45 points

The text on this screenshot of the article, in case anyone is interested.

You think English is easy? Check out the following.

  1. The bandage was wound around the wound.

  2. The farm was cultivated to produce produce.

  3. The dump was so full that the workers had to refuse more refuse.

  4. We must polish the Polish furniture shown at the store.

  5. He could lead if he would get the lead out.

  6. The soldier decided to desert his tasty dessert in the desert.

  7. Since there is no time like the present, he thought it was time to present the present to his girlfriend.

  8. A bass was painted on the head of the bass drum.

  9. When shot at, the dove dove into the bushes.

  10. I did not object to the object which he showed me.

  11. The insurance was invalid for the invalid in his hospital bed.

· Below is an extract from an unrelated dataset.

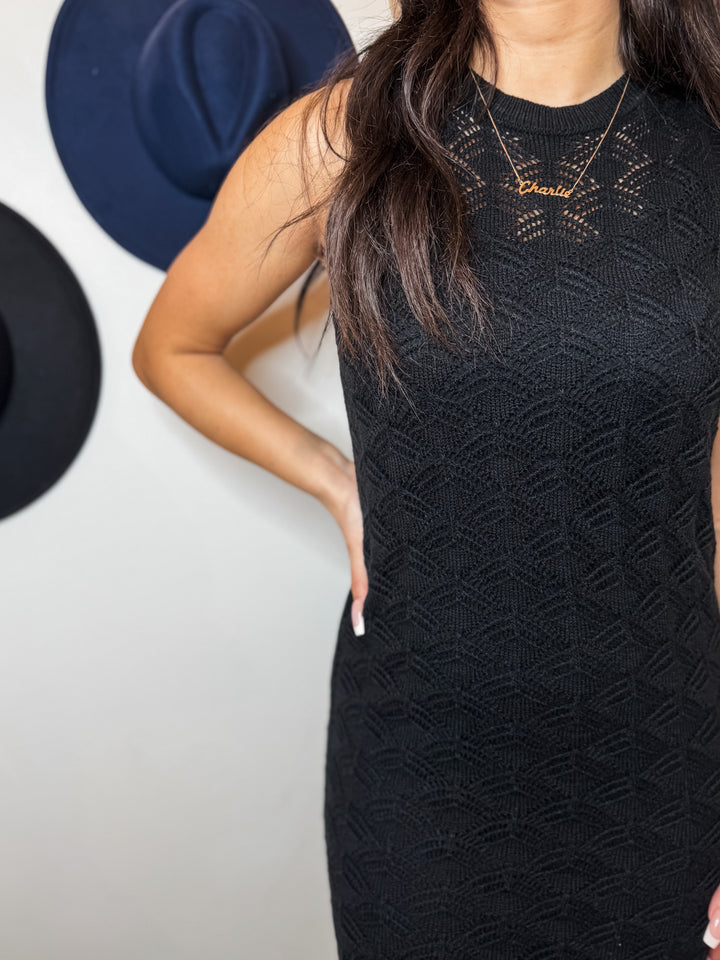 Verena Dress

  12. There was a row among the oarsmen about who would row.

  13. They were too close to the door to close it.

  14. The buck does funny things when the does (females) are present.

  15. A seamstress and a sewer fell down into a sewer line.

  16. To help with planting, the farmer taught his sow to sow.

  17. The wind was too strong to wind the sail around the mast.

  18. Upon seeing the tear in her painting she shed a tear.

  19. I had to subject the subject to a series of tests.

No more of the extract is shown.